Fischer chairs the Human Services Policy Committee and also sits on the Human Services Finance, Health Finance and Policy, and the Environment and Natural Resources Finance and Policy Committees. He chaired the Water Division from 2019 to 2020 and the Behavioral Health Division from 2021 to 2022.

=== Environment and natural resources ===
Fischer authored legislation to ban the wolf hunt in Minnesota. The measure was included in an amendment to a 2019 omnibus environment bill after contentious debate and bipartisan votes for and against. The provision was not taken up by the Republican controlled Senate and did not become law. Fischer authored legislation to limit "body-grip" style hunting traps because they inadvertently kill hunting dogs and other pets. He introduced bills that would ban the sale and use of lead fishing equipment in order to protect native swans, eagles and other wildlife.

==== Water quality issues ====
Fischer wrote legislation that created a Legislative Water Commission, and served as its co-chair until it was discontinued in 2019. As chair of the Water Division, he carried legislation to protect groundwater, including monitoring private wells. He has supported a ban on trichloroethylene after state regulators found a manufacturer in White Bear Lake was illegally polluting for more than a decade. He wrote a bill that would create a state program to prevent over-salting of sidewalks, roads, and parking lots, and supported efforts to address farm fertilizer nitrate's effect on water quality. Fischer has stated his openness to imposing greater regulations on frac sand mining.

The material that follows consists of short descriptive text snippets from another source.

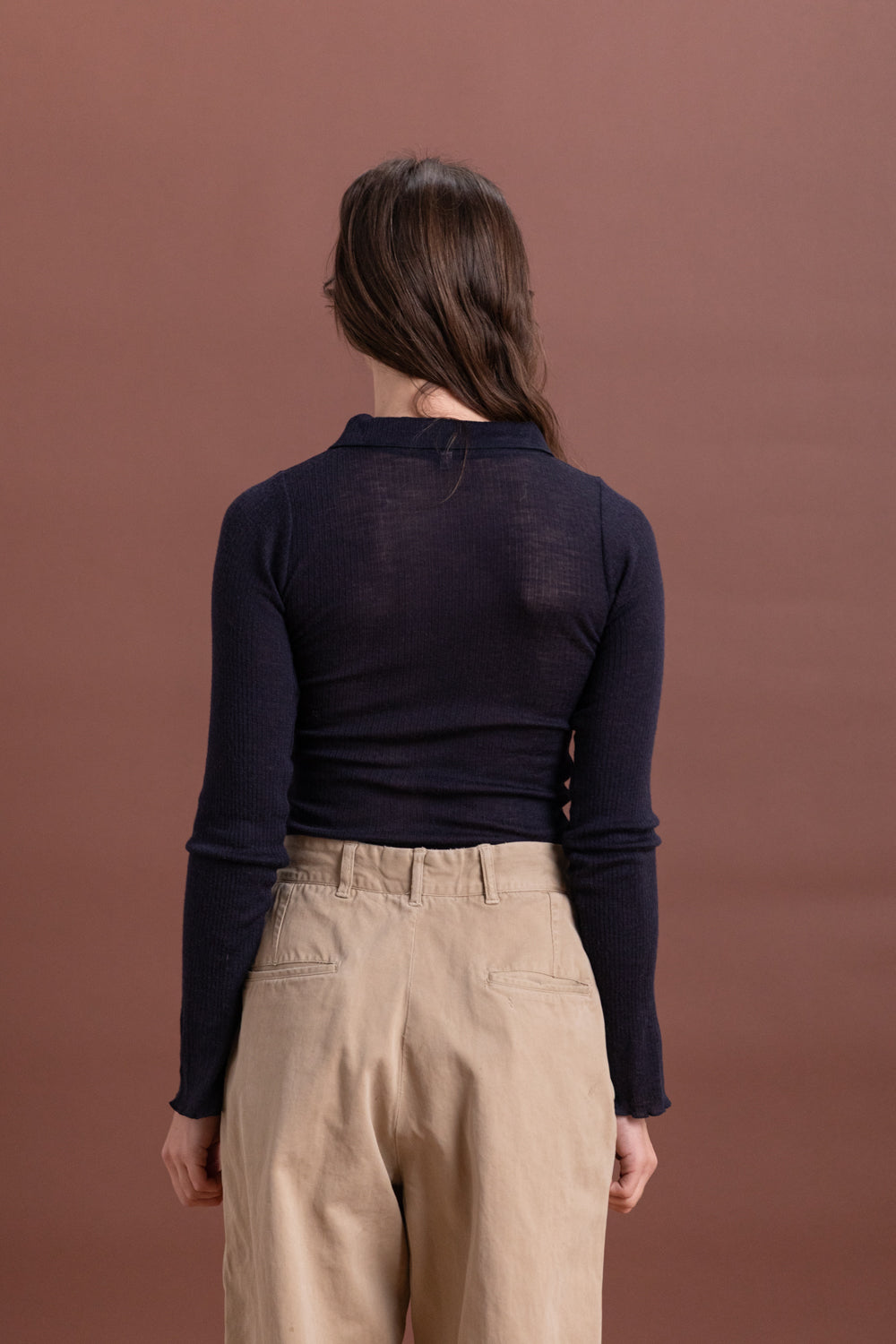 DUAL LONG SLEEVE TEE IN MURANO NAVY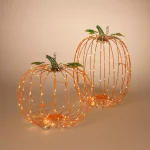 Gerson 13.58 in. Assorted Pre-Lit Metal Standing Pumpkins Decor, Set of 2 thumbnail 2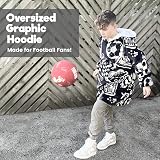The Big Softy The Big Softy Kids Blanket Hoodie Graphic Football Black view 2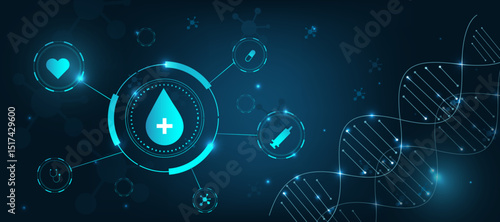 health care medical abstract blue background with healthcare symbol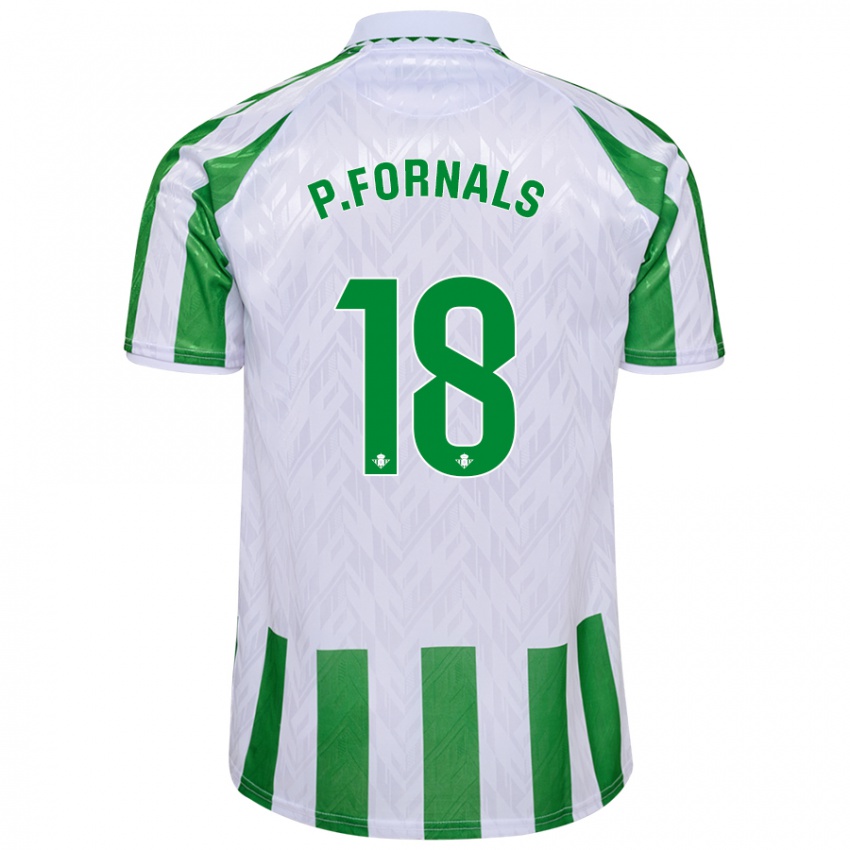 Mujer Camiseta Pablo Fornals #18 Verde Rayas Blancas 1ª Equipación 2024/25 La Camisa México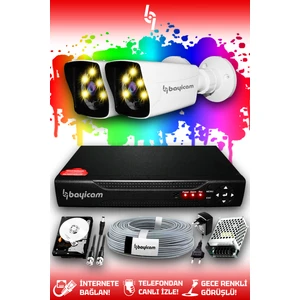2 Kameralı Kare 2 Dış Kamera Set 1 Tb HDD Full Hd Renkli Gece Görüşlü Güvenlik Kamerası Sistemi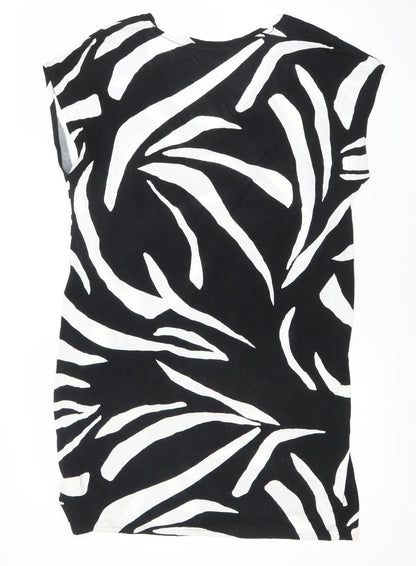 Marks and Spencer Women’s Black Zebra Print Cotton Shift Dress Size 12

He has supported calls to address water contamination by microplastics and lead.

=== Other political positions ===
Fischer has carried "right-to-repair" legislation that would expand the ability of independent third-party businesses to repair electronics and other products. His bill would require public access to the parts, tools and manuals of a number of consumer products. He wrote legislation that would study a redesign of Minnesota's state flag, which was criticized for its design and depiction of Native Americans. He co-chaired a joint legislative commission on housing affordability.

==Electoral history==

2012 Minnesota State Representative - House 43A
| Party |  | Candidate | Votes | % |
|---|---|---|---|---|
|  | Democratic (DFL) | Peter Fischer | 11,616 | 52.71 |
|  | Republican | Stacey Stout | 10,374 | 47.08 |
|  |  | Write-in | 46 | 0.21 |
| Total votes |  |  | 22,036 | 100.0 |

2014 Minnesota State Representative - House 43A
| Party |  | Candidate | Votes | % |
|---|---|---|---|---|
|  | Democratic (DFL) | Peter Fischer (incumbent) | 8,314 | 50.64 |
|  | Republican | Stacey Stout | 8,068 | 49.14 |
|  |  | Write-in | 35 | 0.21 |
| Total votes |  |  | 16,171 | 100.0 |

2016 Minnesota State Representative - House 43A
| Party |  | Candidate | Votes | % |
|---|---|---|---|---|
|  | Democratic (DFL) | Peter Fischer (incumbent) | 11,970 | 54.95 |
|  | Republican | Bob Cardinal | 9,767 | 44.84 |
|  |  | Write-in | 45 | 0.21 |
| Total votes |  |  | 21,782 | 100.0 |

2018 Minnesota State Representative - House 43A
| Party |  | Candidate | Votes | % |
|---|---|---|---|---|
|  | Democratic (DFL) | Peter Fischer (incumbent) | 12,253 | 61.36 |
|  | Republican | Bob Cardinal | 7,691 | 38.52 |
|  |  | Write-in | 24 | 0.12 |
| Total votes |  |  | 19,968 | 100.0 |

2020 Minnesota State Representative - House 43A
| Party |  | Candidate | Votes | % |
|---|---|---|---|---|
|  | Democratic (DFL) | Peter Fischer (incumbent) | 14,496 | 60.69 |
|  | Republican | Paul Babin | 9,360 | 39.19 |
|  |  | Write-in | 29 | 0.12 |
| Total votes |  |  | 23,885 | 100.0 |

2022 Minnesota State Representative - House 44A
| Party |  | Candidate | Votes | % |
|---|---|---|---|---|
|  | Democratic (DFL) | Peter Fischer (incumbent) | 9,918 | 62.84 |
|  | Republican | Alex Pinkney | 5,851 | 37.07 |
|  |  | Write-in | 15 | 0.10 |
| Total votes |  |  | 15,784 | 100.0 |

==Personal life==
Fischer is married to his wife, Kristi. They have two daughters and a son. They reside in Maplewood, Minnesota.